Retention 101 post was an overall intro. I gave the formula generally used to calculate retention and mentioned there are other ways of calculating it. This post is about those additional formulas, namely rolling retention and rolling window retention and also about churn.
Each retention formula has strengths and weaknesses. Some are more adequate for reporting, other’s for modelling and each has a different relationship with churn. Let’s start!
Types of Retention Rate
Imagine that both of us start playing a game. Cohort size is 2. I guess it’s not a great game… but I liked it and returned the next day and you didn’t. D1 retention is therefor 50%. The next day I didn’t return but you did. D2 retention is 50% too. But what is the churn rate on D1? Apparently you churned on D1 but you didn’t since you returned on day 2. Churn is the opposite of retention so churn rate is 50% both on D1 and D2, which we know it’s false, at least on D1.
This is a problem of insufficient information and where rolling retention comes in. While classic retention counts the users on day X, rolling retention counts the users from day X onwards. In the example above, rolling retention D1 is 50% when measured on D1 because only I played. If we measure D1 on D2 it is 100% since it counts me on D1 and you on D2. Rolling retention solves the insufficient information problem by maturing as more data comes in. If calculated in the same day, it is equal to classic retention but when measured in later days it is closer to the true unknown retention.
The graphic above was created on a simulation to compare classic and rolling retention. The simulation is published on RPubs and the code is available on GitHub. Since it is a simulation, we know the true value of retention. Classic retention was forced and rolling retention calculated.

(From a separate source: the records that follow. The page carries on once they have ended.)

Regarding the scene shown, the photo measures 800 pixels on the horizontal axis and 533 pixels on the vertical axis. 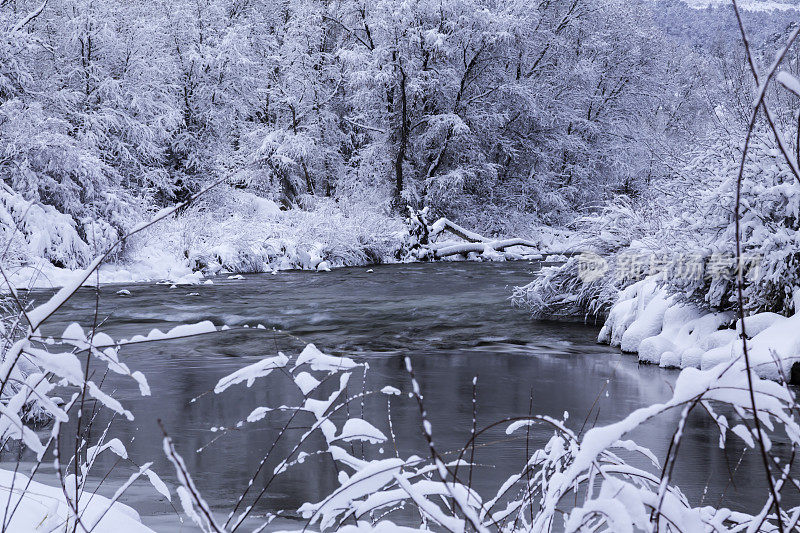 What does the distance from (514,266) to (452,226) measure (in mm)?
3993

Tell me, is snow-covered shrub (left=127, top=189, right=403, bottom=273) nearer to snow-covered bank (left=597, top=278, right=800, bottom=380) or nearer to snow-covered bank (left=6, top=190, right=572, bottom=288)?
snow-covered bank (left=6, top=190, right=572, bottom=288)

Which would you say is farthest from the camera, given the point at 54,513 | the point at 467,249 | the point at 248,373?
the point at 467,249

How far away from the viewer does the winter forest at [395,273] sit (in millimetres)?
1655

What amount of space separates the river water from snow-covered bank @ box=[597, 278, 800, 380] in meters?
0.26

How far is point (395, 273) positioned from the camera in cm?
1722

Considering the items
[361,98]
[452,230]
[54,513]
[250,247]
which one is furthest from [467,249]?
[54,513]

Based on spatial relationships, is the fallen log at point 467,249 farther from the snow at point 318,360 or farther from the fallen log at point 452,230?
the snow at point 318,360

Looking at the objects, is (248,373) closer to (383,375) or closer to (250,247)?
(383,375)

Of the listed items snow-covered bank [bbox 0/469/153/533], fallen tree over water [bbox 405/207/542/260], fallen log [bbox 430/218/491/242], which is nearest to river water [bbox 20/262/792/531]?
snow-covered bank [bbox 0/469/153/533]

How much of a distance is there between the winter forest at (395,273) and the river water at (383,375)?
1.8 inches

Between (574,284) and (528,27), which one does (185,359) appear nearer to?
(574,284)

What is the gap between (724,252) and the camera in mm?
7324

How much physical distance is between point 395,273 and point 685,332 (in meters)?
9.65

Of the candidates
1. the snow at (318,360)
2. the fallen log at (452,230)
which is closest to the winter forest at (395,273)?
the snow at (318,360) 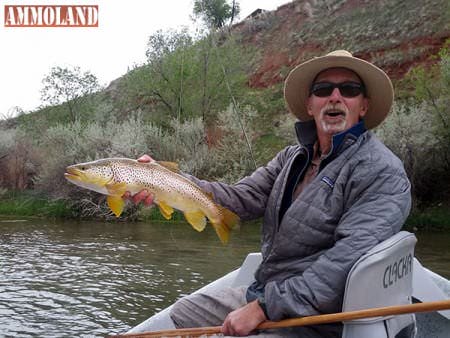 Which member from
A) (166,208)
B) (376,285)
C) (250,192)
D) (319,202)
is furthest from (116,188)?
(376,285)

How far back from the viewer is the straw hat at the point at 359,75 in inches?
132

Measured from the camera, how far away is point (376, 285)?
2.76 meters

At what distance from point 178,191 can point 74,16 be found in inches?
352

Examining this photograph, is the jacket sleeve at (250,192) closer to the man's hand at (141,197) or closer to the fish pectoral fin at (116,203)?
the man's hand at (141,197)

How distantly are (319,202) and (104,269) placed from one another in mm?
8704

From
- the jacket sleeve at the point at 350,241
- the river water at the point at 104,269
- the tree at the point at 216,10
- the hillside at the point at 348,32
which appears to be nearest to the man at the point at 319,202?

While the distance between classic retention (the red line) and true retention (blue line) is obvious, the green dots, representing the several calculations of rolling retention, go from the values of classic retention to the values of true retention. This is very relevant in terms of churn rate since we can assume that rolling retention tends to true retention – and therefor to the calculation of churn rate… over time.
This “time to mature” is the biggest weakness of rolling retention. In theory it will allow to know the true retention and churn. In practice, although it matures rather quickly, we never know if and when it has.

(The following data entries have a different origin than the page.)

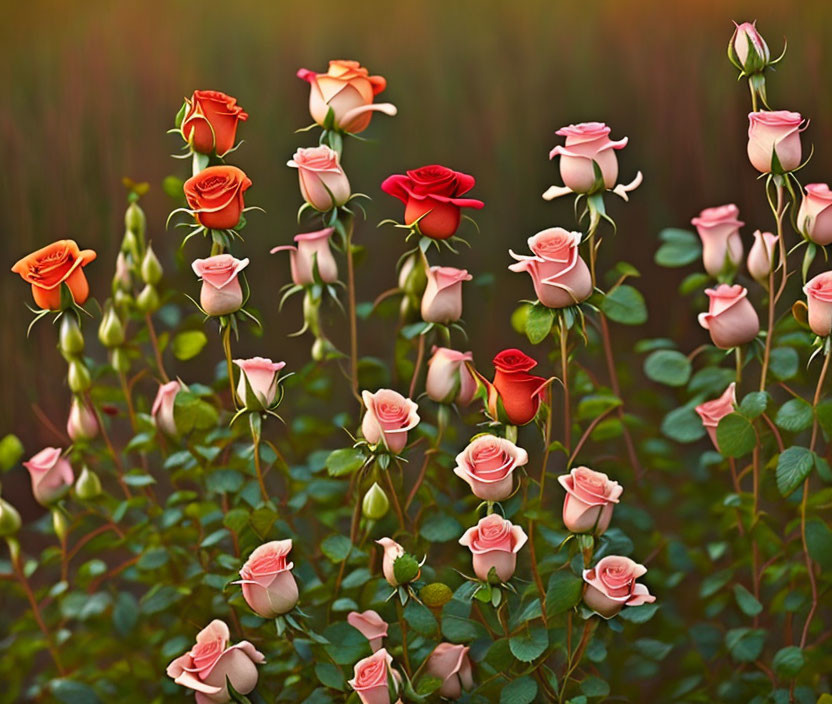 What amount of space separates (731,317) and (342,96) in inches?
21.1

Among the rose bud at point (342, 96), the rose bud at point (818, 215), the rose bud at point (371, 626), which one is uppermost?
the rose bud at point (342, 96)

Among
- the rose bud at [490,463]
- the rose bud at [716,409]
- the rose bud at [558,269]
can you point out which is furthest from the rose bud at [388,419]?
the rose bud at [716,409]

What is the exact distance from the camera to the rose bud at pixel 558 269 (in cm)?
99

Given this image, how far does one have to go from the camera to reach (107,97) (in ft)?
5.08

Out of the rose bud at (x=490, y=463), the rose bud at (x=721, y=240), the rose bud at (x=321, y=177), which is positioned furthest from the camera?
the rose bud at (x=721, y=240)

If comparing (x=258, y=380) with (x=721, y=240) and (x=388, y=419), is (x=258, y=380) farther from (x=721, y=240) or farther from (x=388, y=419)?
(x=721, y=240)

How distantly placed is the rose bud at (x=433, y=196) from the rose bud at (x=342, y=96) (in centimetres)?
11

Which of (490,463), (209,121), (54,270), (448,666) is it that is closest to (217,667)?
(448,666)

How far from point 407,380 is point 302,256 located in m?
0.27

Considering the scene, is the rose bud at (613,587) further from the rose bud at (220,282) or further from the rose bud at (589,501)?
the rose bud at (220,282)

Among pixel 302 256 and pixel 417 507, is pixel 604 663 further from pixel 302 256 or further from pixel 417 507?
pixel 302 256

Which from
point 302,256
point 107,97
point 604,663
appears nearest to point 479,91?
point 302,256

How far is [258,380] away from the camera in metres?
1.03

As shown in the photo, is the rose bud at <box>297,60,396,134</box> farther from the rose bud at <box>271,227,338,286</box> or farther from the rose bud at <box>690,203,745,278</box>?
the rose bud at <box>690,203,745,278</box> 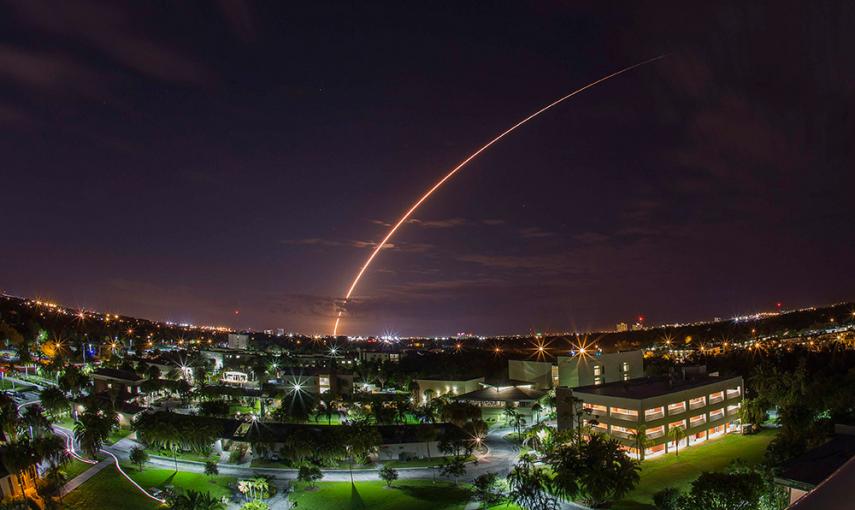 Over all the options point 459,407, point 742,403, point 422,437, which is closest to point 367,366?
point 459,407

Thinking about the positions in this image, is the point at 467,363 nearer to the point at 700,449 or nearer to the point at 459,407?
the point at 459,407

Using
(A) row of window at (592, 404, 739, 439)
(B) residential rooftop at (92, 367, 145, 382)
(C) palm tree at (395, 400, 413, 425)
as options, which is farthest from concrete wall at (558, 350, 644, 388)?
(B) residential rooftop at (92, 367, 145, 382)

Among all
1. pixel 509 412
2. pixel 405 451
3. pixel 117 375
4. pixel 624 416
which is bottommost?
pixel 405 451

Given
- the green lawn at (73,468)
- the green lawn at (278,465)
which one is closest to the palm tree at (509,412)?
the green lawn at (278,465)

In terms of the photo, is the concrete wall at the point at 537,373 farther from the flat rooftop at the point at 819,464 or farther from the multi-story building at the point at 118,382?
the multi-story building at the point at 118,382

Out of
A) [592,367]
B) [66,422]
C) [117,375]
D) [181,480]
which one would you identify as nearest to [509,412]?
[592,367]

To minimise this we have rolling window retention. It is a rolling retention with a predefined last day. Let’s say our window is 30 days. Then D1 rolling window retention will count the users from D1 to D31, after which it is not updated. It has both the capacity to mature of the rolling retention and the fixed nature of classic retention.

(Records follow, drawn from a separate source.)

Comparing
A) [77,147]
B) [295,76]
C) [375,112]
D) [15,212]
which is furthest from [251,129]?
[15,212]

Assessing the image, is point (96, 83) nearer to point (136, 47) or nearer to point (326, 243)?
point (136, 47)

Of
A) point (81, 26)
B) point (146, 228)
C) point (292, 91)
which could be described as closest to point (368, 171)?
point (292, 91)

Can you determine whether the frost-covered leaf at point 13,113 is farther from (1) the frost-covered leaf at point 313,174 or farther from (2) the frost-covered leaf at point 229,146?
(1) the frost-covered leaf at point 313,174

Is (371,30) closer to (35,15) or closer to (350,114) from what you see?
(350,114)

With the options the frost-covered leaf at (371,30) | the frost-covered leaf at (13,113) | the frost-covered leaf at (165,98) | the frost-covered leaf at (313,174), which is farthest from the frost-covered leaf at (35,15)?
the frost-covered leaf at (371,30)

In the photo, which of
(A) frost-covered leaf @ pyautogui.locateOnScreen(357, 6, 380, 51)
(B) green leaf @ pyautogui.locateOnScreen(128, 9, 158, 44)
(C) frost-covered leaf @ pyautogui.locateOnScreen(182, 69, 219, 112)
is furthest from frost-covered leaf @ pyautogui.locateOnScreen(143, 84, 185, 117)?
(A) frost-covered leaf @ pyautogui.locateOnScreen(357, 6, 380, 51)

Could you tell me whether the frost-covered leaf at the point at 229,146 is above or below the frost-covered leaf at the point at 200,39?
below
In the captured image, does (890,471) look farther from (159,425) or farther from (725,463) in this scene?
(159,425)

In a nutshell we have this:
Which formula to use?
Like I said each formula has its strengths and weaknesses. Classic Retention Rate is the norm. Its biggest flaw is that it overestimates churn. Its biggest strengths are ease of calculation and interpretation and also that is immutable and therefor reliable. Classic retention correlates with many metrics, both standard and custom making it a powerhouse in terms of data modelling and statistical analysis.
Rolling Retention Rate is very useful on games where players return on non-consecutive days. These are the ones where classic retention will perform the worst. As an example imagine a builder game where the player must return to the game to collect coins or harvest some crop. These games have retention hooks in the game design loop. Players return to the game more often because they have compelling reasons to return. On other games these retention hooks are not present and without a compelling reason, players return whenever they please. For these games rolling retention offers a good alternative to estimate churn.